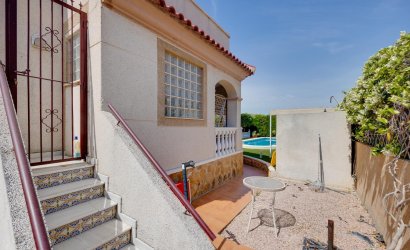 Reventa - Villa -
San Fulgencio - Costa Blanca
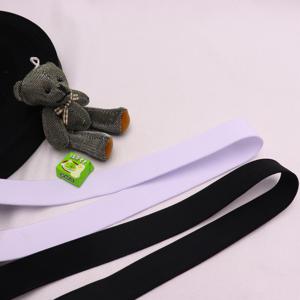 바지고무줄 허리밴드 라이크라 고탄력 밴드 2종 1셋-10마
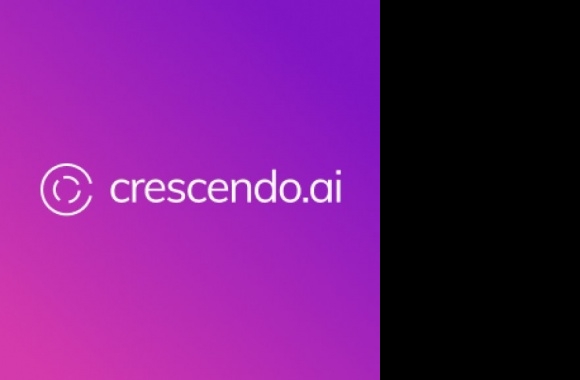 Crescendo.ai Logo download in high quality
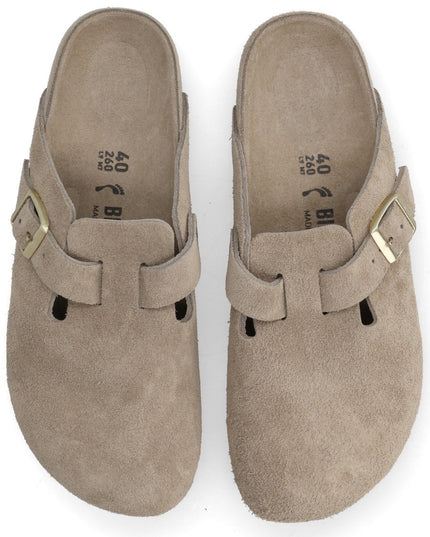 SANDAL "BOSTON"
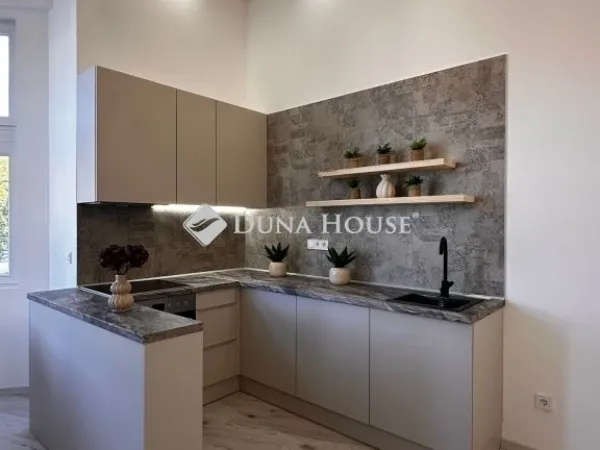 Eladó lakás Budapest IX. kerület 43 nm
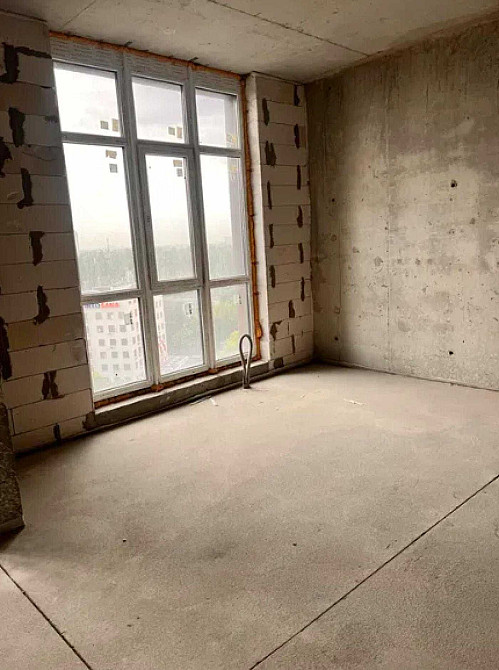 2к + кухня-студия 61м2 в ЖК Манхеттен пл. Тобухина Одесса - изображение 5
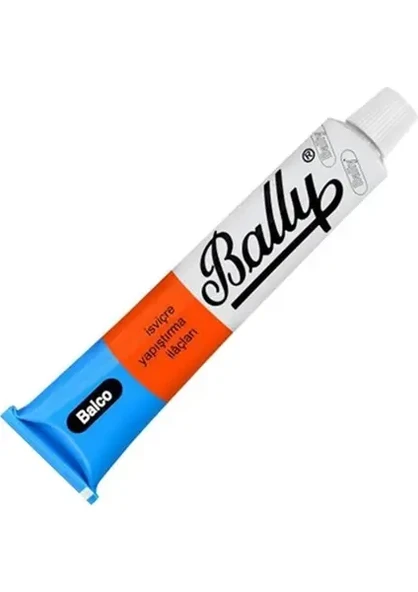 Bally Yapıştırıcı 50 gr-2 adet ürün görseli 1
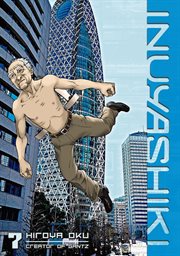 Inuyashiki : Inuyashiki cover image cdn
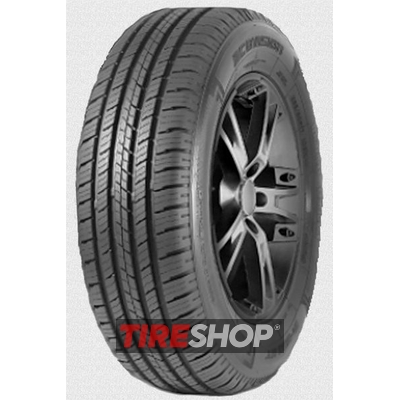 Шины Ecovision VI-286HT 245/70 R16 111H XL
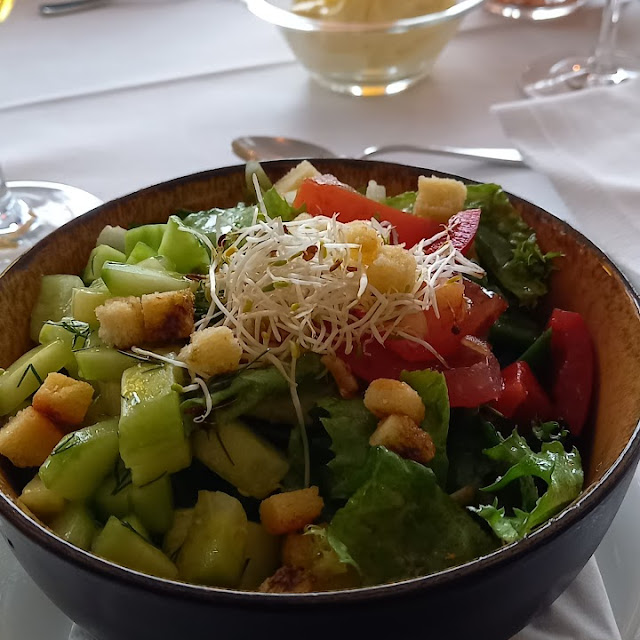 Beilagensalat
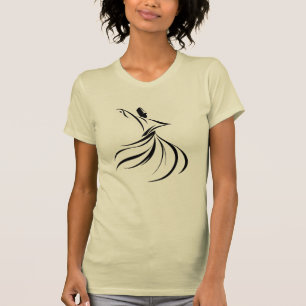 T-shirt Tourbillon de l'Âme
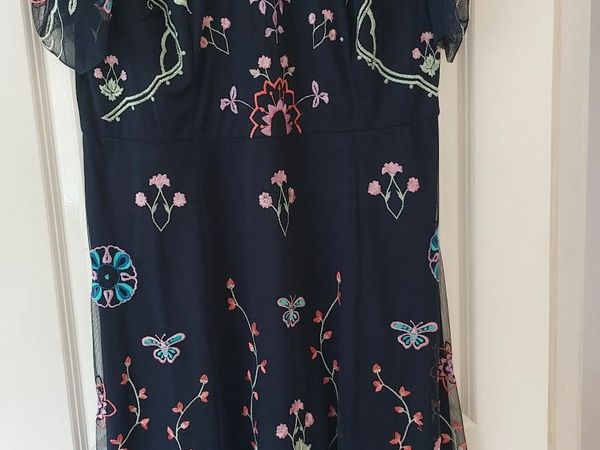 Monsoon clearance celeste dress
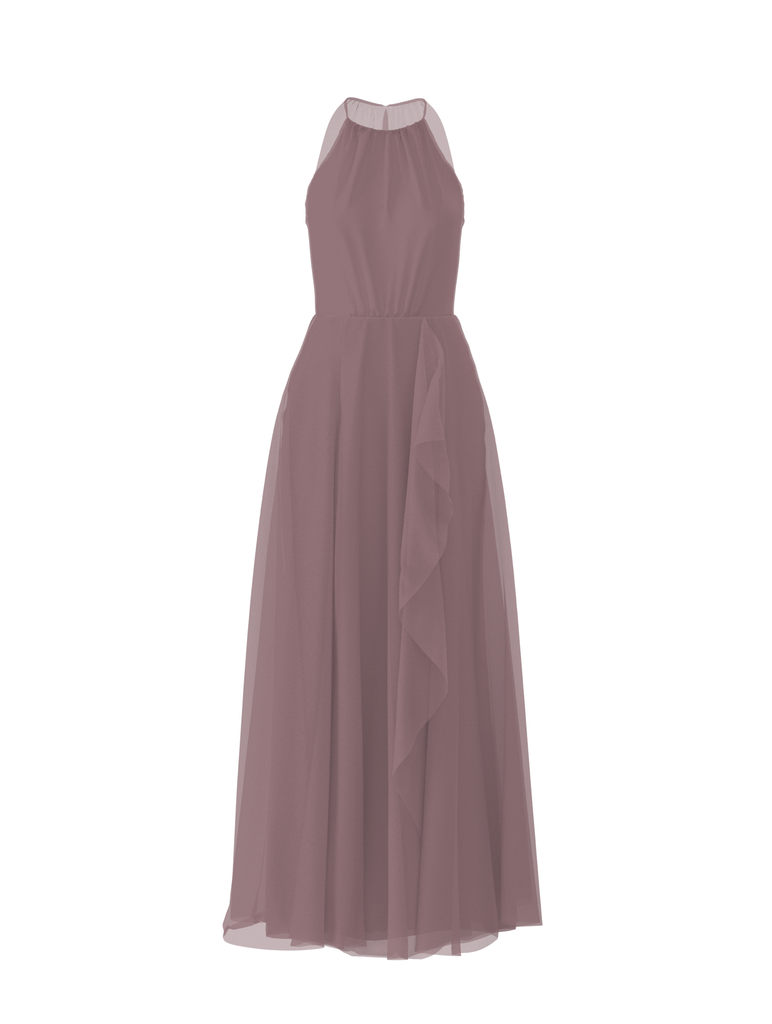 Product Bodice(Kyra), Skirt(Jaycie), mauve Image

------

TASK:
Each record should be written out again exactly, though without its pictures.

ANSWER SPACE:
 Reventa - Villa -
San Fulgencio - Costa Blanca
 바지고무줄 허리밴드 라이크라 고탄력 밴드 2종 1셋-10마
 Crescendo.ai Logo download in high quality
 SANDAL "BOSTON"
 Eladó lakás Budapest IX. kerület 43 nm
 2к + кухня-студия 61м2 в ЖК Манхеттен пл. Тобухина Одесса - изображение 5
 Bally Yapıştırıcı 50 gr-2 adet ürün görseli 1
 Inuyashiki : Inuyashiki cover image cdn
 Шины Ecovision VI-286HT 245/70 R16 111H XL
 Beilagensalat
 T-shirt Tourbillon de l'Âme
 Monsoon clearance celeste dress
 Product Bodice(Kyra), Skirt(Jaycie), mauve Image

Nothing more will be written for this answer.